* _WORK TASK_:
Retype, word for word, the line holding "Hello guys, you're" and every line below it to the end of the listing. Leave out the pictures.

(INFORMATION SHOWN)

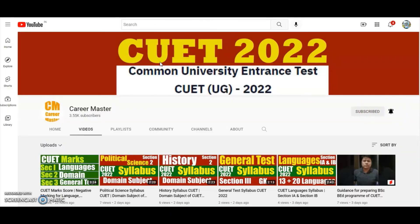I hope after watching this video, all your doubts and confusion regarding this particular domain subject are cleared. Even if you have any confusion or any doubt, you can ask your question in the comment box below. All the best for your career and all the best for CUI 2022.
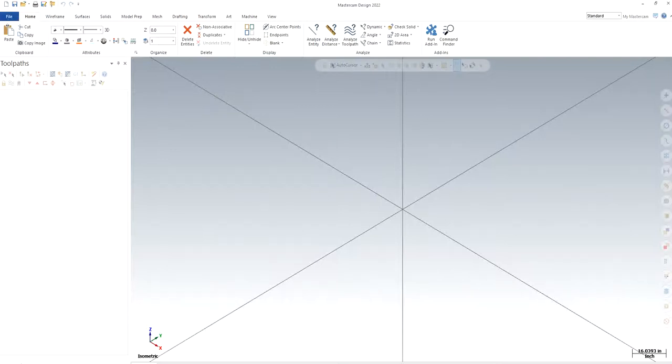Hello guys, you're using back with another video of Mastercam 2022. In this video I will show you how to make a solid part from a sketch, from the wireframe basically, and do the programming for it. So let's get started.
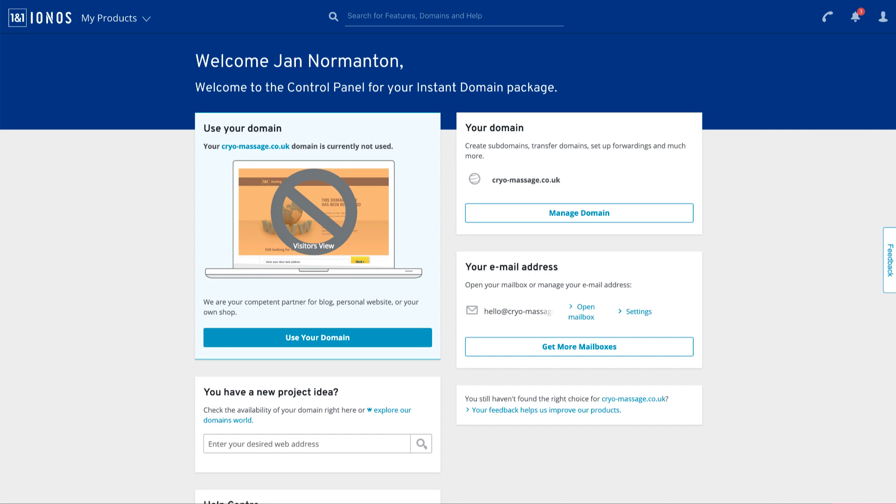Hey guys, Steve Harris here. Let's have a look at this domain and see if we can figure out what's going on. So this is the one-in-one domain dashboard. I've never been in here, so bear with me as I figure out where we're going. Looks like your domain is cryomassage.co.uk.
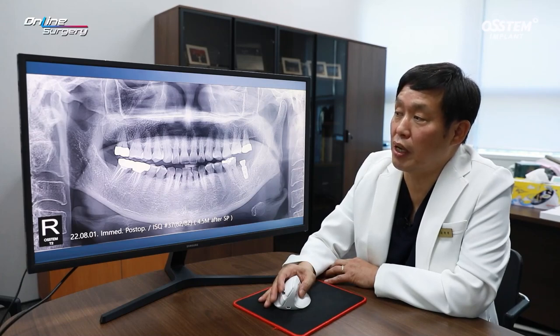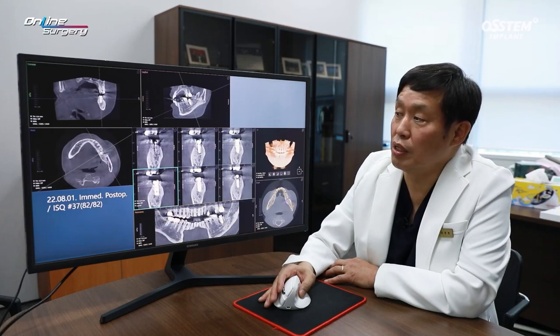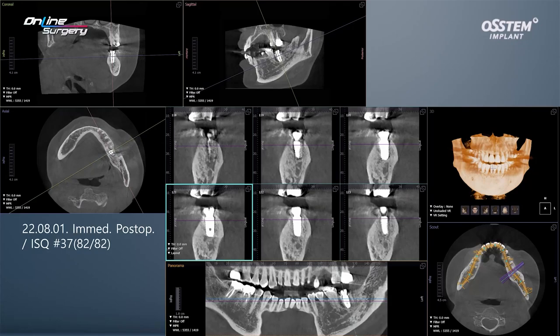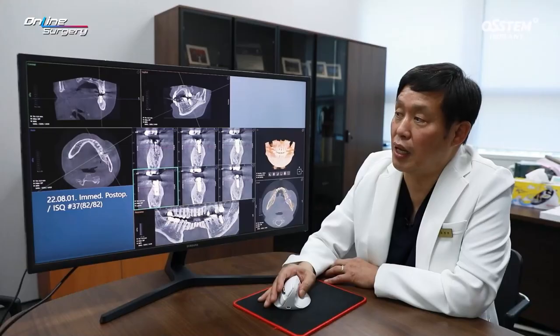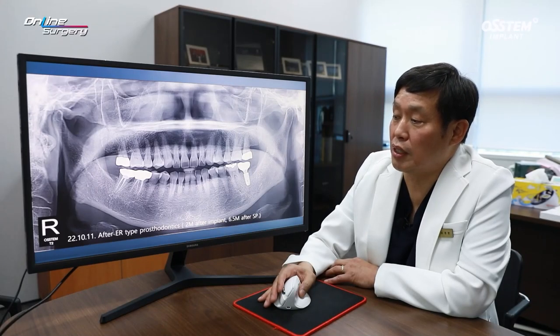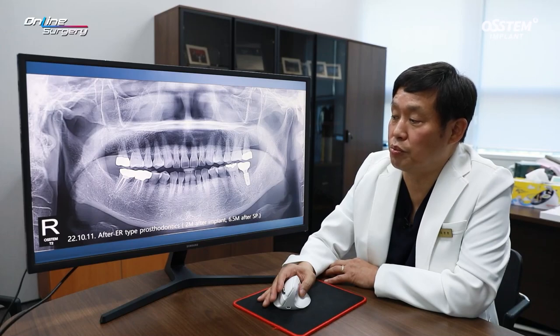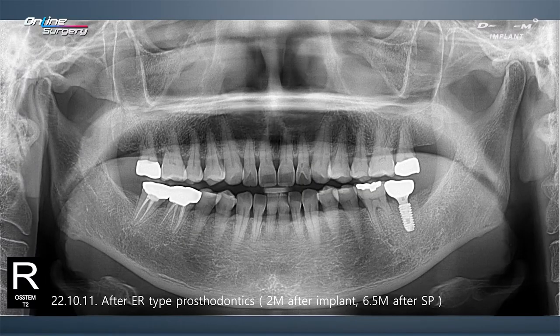Right after implant placement, CT was taken around the implant. Alveolar bone is formed well, therefore without additional bone graft, the surgery was closed. This is after final prosthesis delivery. Because I placed a soy implant, I was able to do loading within two months. After socket preservation, about 6.5 months later, loading was done.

(End INFORMATION SHOWN)

* _REPLY TO THE EXERCISE_:
Hello guys, you're using back with another video of Mastercam 2022. In this video I will show you how to make a solid part from a sketch, from the wireframe basically, and do the programming for it. So let's get started.
Hey guys, Steve Harris here. Let's have a look at this domain and see if we can figure out what's going on. So this is the one-in-one domain dashboard. I've never been in here, so bear with me as I figure out where we're going. Looks like your domain is cryomassage.co.uk.
Right after implant placement, CT was taken around the implant. Alveolar bone is formed well, therefore without additional bone graft, the surgery was closed. This is after final prosthesis delivery. Because I placed a soy implant, I was able to do loading within two months. After socket preservation, about 6.5 months later, loading was done.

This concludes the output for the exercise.